We see both examples come together in Faulkner’s The Sound and the Fury, where the culture described in Huck Finn finally plays itself out, and Quentin’s suicide, prompted, among other things, by his worrying over his sister Caddy’s reputation, will continue forever his argument with his father who has told him that virginity as a value is a man-made tool to control women, the same explanation Crossan argues: “Boys. Men. They lie about it. Because it means less to women, Father said. He said it was men invented virginity not women” (p. 96). But Quentin can’t stomach the irony: “And Father said it’s because you are a virgin: don’t you see? Women are never virgins. Purity is a negative state and therefore contrary to nature. It’s nature is hurting you not Caddy and I said That’s just words and he said So is virginity and I said you dont know. You cant know and he said Yes. On the instant when we come to realise that tragedy is second-hand” (p. 143).

An example of the controls at work can be seen in Joseph Campbell’s “Tales of Love and Marriage,” from his The Power of Myth. We’re now in medieval Catholic culture, where marriages are arranged, but Tristan and Isolde decide they are, absurdly, in love, in romantic love. Isolde’s nurse delivers the warning, but Tristan, too, has had enough of Maggie’s farm: “And if by my death, you mean the eternal punishment in the fires of hell, I accept that, too” (p. 190).

A culture’s core values, what it desires, finds expression not necessarily in ideology but in personality, in the masks individuals wear to get along with their neighbors. The existential decision to be born again shucks the mask. James Joyce leaves Ireland and the oppression of the church’s values of honor and shame, its sanctioned hierarchy of rich and poor, ecclesiastical and secular, its discriminations of right and wrong. And Samuel Beckett ain’t gonna work for the text, no more, ripping off the mask with the inside out eyes, the mask that conditions us to see ourselves as others see us, and to find there outside acceptance and respect. Everyone working on Maggie’s farm must wear the same mask.

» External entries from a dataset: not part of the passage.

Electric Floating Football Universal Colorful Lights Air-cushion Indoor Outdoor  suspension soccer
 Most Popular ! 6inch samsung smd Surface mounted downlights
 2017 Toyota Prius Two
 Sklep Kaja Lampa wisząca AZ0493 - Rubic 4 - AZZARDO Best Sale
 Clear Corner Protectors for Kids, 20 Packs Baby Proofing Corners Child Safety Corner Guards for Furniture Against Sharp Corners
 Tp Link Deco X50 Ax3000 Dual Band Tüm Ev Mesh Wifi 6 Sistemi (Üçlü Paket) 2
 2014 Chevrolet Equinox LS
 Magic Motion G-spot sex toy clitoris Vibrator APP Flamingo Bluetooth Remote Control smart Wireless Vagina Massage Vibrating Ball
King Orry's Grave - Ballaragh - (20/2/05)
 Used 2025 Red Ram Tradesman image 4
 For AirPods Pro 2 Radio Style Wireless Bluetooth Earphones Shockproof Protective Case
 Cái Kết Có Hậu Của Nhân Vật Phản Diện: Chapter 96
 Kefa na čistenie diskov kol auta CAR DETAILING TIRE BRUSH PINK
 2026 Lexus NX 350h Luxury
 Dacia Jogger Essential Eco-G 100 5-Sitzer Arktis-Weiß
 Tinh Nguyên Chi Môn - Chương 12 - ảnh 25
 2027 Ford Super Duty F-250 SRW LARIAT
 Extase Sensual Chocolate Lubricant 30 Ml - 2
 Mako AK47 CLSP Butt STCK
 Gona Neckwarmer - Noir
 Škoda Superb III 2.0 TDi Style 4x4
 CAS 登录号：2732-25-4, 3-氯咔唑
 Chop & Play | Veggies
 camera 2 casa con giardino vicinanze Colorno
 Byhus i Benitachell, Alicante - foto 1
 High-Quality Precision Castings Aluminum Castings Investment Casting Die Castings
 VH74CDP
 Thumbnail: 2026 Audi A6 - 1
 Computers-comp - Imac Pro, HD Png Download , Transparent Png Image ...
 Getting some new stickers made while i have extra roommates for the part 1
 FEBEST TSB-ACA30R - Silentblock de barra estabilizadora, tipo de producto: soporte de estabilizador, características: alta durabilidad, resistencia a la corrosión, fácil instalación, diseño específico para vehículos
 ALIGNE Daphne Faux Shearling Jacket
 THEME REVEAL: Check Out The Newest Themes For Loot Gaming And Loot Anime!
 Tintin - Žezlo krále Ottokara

How we vote is also probably an enculturated core value. Louis Menand, in “The Unpolitical Animal: How political science understands voters (New Yorker, August 30, 2004), argues that “Voters go into the booth carrying the imprint of the hopes and fears, the prejudices and assumptions of their family, their friends, and their neighbors. For most people, voting may be more meaningful and more understandable as a social act than as a political act.”

“I ain’t gonna work on Maggie’s farm, no more” is an existential decision, like Huck’s, and announces a rebirth, affirming that one’s existence precedes one’s essence, and that one has taken individual responsibility for one’s own essence.